Modern Latin America
Neocolonialism and the United States I
Neocolonalism and the United States, Part I
Argument: As we’ve been discussing over the past couple weeks, Latin American liberal reform movements were successful in creating the ground work for economic development and stable political nation-states. By 1870, cities like Montevideo, Santiago, Havana, Buenos Aires, Mexico City and Lima had street cars, telephone polls, electricity and railroads. In a few years, silent films, bicycles, and eventual automobiles would appear among the wealthiest neighborhoods. Also, these cities, as agrarian capitalism expanded they became the financial and administrative centers for the new export economies. Yet, the life of Latin America’s rural population, according to E. Bradford Burns, improved little if at all. Indeed, agrarian capitalism laid waste to the countryside and destroyed traditional life ways, impoverishing the rural people spiritually and materially. Despite many transformations, Latin American countries failed to develop truly independent economies. Why?
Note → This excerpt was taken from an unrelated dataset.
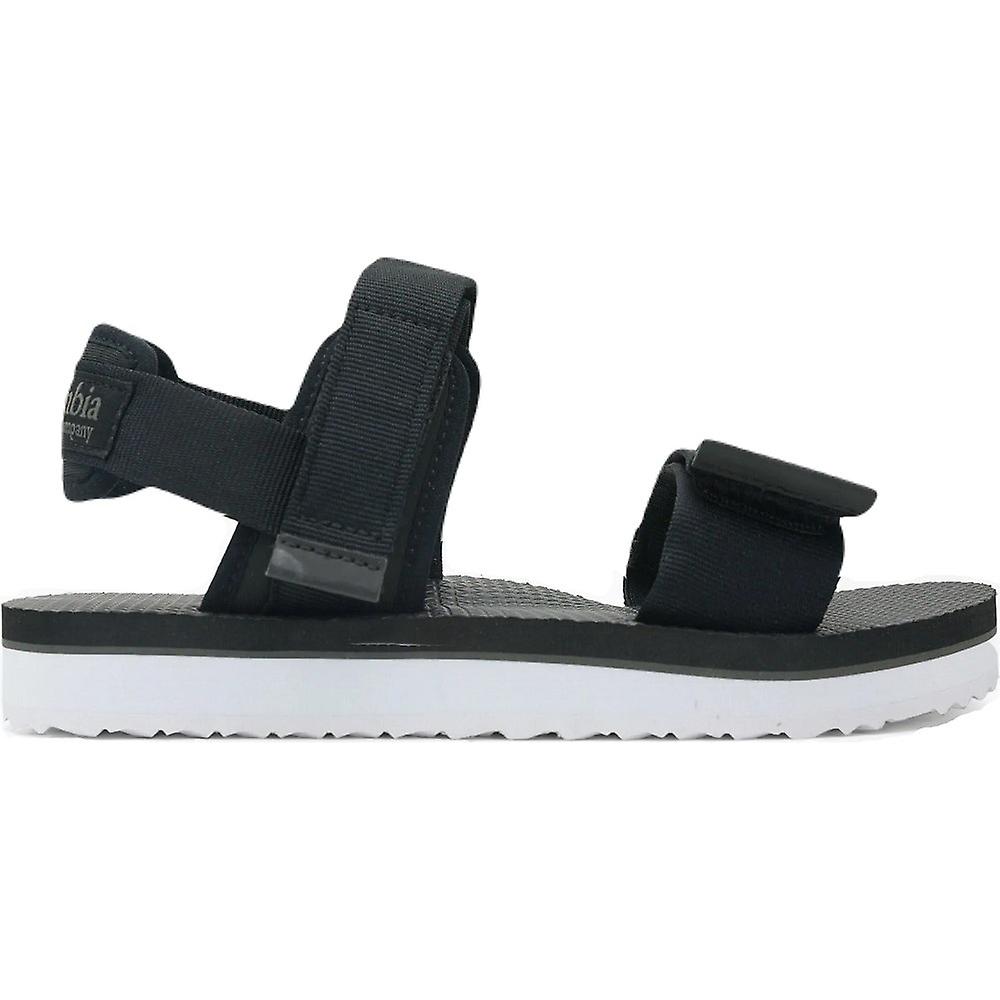 Columbia Via BL8473012 universal summer women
Within these lectures we are going to explore a phenomenon which scholars and social critiques identify as “neocolonialism.” The “neo” implies a new form of colonialism, without direct political control of the subject territory by the colonizing power. Between 1870 and 1930, no Latin American country returned to being a colony, strictly speaking (excluding Puerto Rico). Rather, Latin American countries found themselves increasingly trapped within the gravitational pull of European, and eventually, North American, economic and ideological sphere of influence. Finally, we are going to examine the ideological nature of neocolonialism through out discussion of scientific racism, construction of national identities, gender views, and the exclusion and struggles of Afro-Latin American in the process of nation formation.
Points to consider:
I. Three Types of Product Exporting Economies
a. Economies exporting temperate agricultural commodities: cereals and beef (Argentina & Uruguay)
b. Economies exporting tropical agricultural commodities: coffee, sugar, tobacco, indigo, henequen, bananas, rubber (Brazil, Colombia, Ecuador, Central America, the Caribbean, & parts of Mexico, Venezuela)
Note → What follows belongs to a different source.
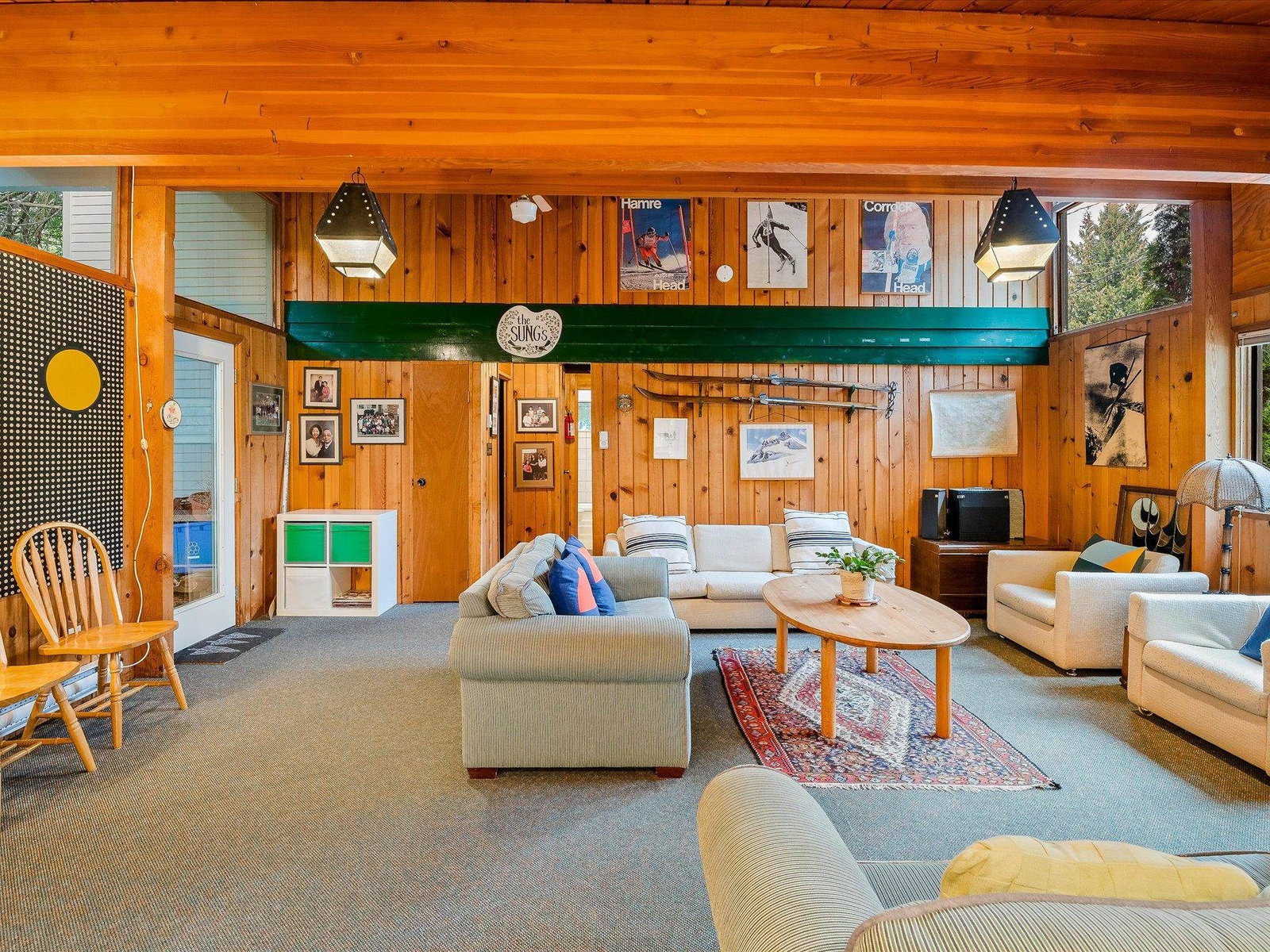 Listing Image 8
c. Economies exporting mineral products: oil, tin, copper, iron, silver (Mexico, Chile, Peru, & Bolivia – & Venezuela after 1930)
II. Impact of Lack of diversity or One product economy
a. Boom/Bust Cycle
b. Growth without Development
c. Concentration of land in the hands of a few local or foreign individuals or corporations.
III. Impact of Ideologies
a. Menacing use of science to exclude groups or eliminate them.
b. Continuation of old attitudes towards Indians and people of African ancestry.
c. Subordination of women to patriarchal control.
d. Distrust towards the working classes and the development of mechanism to exclude them from politics.